Things you need:
- Big pot
- Thermometer -- I use an instant read thermometer, as I broke my candy thermometer
- Jars -- I use 6 oz Ball or Mason jars (they might be 8 oz), as they're single-serving size and I'm more likely to eat my yogurt if I'm not dirtying dishes to do so. You need more capacity than you think; the milk expands as heated and a gallon will make an extra half pint to a pint
- Canning Funnel -- not strictly necessary, but makes life SO much easier
- Ladle -- More necessary than the funnel
- Milk -- Can be any type: whole milk, 2% or skim. I like whole or 2% for yogurt, but I made it with skim for my mom and she loves it
- Starter -- If I don't have any of my own yogurt, I buy a small pot of Stonyfield Farm plain. It's got active cultures in it and is very good quality
- Whisk -- again, not strictly necessary, a spoon will do, but it incorporates the starter nice and fast
- Cooler -- must be big enough for a single layer of jars
How to make it:
- Pour milk into a big pot. Make sure you have room for it to expand, as it does when heated. Heat to 185dF. Stir now and again, but *do not* let it boil. Prep an ice water bath in the sink as you wait.
- When it reaches 185 degrees, move the pot to the ice water bath and let it cool to 120dF. Prep the starter while you wait (ie, open the container).
- When the milk has cooled to 120dF, add the starter and whisk or stir to incorporate.
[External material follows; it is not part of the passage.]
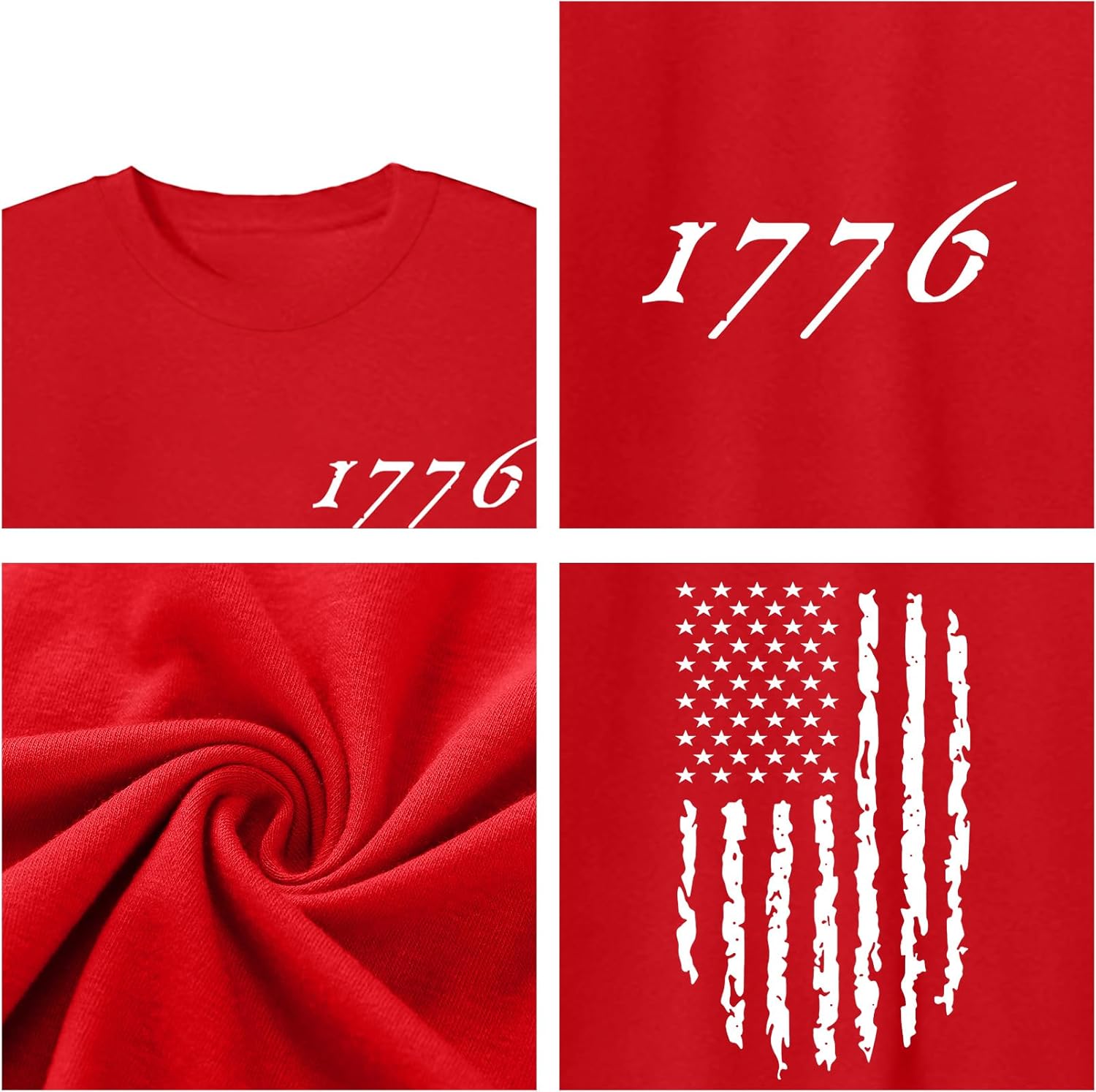 LAZYCHILD Mens American Flag Shirts: 4th of July T-Shirt USA Flag Patriotic Short Sleeve Memorial Day Tops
- Fill the jars. I usually leave about a quarter inch of head space. If you want to add a lot of mix-ins (fruit, granola, etc), leave more space.
- Put the jars in the cooler and add enough hot tap water to submerge the jars up to the level of the milk. Try not to submerge the jars completely; if they aren't sealed you don't want to risk getting water into your yogurt.
- Cover the cooler with a thick towel and put it somewhere out of the way. I put mine in my tub.
- Ignore for 6-8 hours, or overnight. You can check it, but don't touch it for at least 4-6 hours. It won't set if you play with it.
- At the end of the incubation period, the milk shouldn't move when you tip the jar on its side. Refrigerate and eat when chilled.